The woman wearing the tight shirt shifts, scratching the exposed section of her belly, letting her hand linger there only momentarily before pulling it away. Her pants are sweatpants, the waistband rolled down to allow room for the same bulging stretch of stomach that eludes full coverage by the shirt. Below the sweatpants, her swollen feet overfill her purple dollar store flip-flops. Above the shirt, her hair is unapologetically magenta. Her eyeliner is thick and charcoal.
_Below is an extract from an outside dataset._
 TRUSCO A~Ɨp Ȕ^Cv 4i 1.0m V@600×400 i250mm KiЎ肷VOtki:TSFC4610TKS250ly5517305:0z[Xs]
She is sitting at the bus stop, waiting. The bus is late because it’s always late, which means it will be crowded. It would be nice if someone aboard might give up their seat for her, far along as she is now. But she doubts anyone will. They rarely do. She is not the sort of pregnant woman one yields their seat to automatically; her heavily lined eyes are easily avoided. She knows how these things go.

When the bus pulls up to the corner, slowing and sighing and lowering itself for her to board, she rises unevenly from the bench. The cursive letters on the overworked shirt are widened and elongated, pulled tight. You Know You Want Me, her shirt reminds the other commuters as she takes her place among them.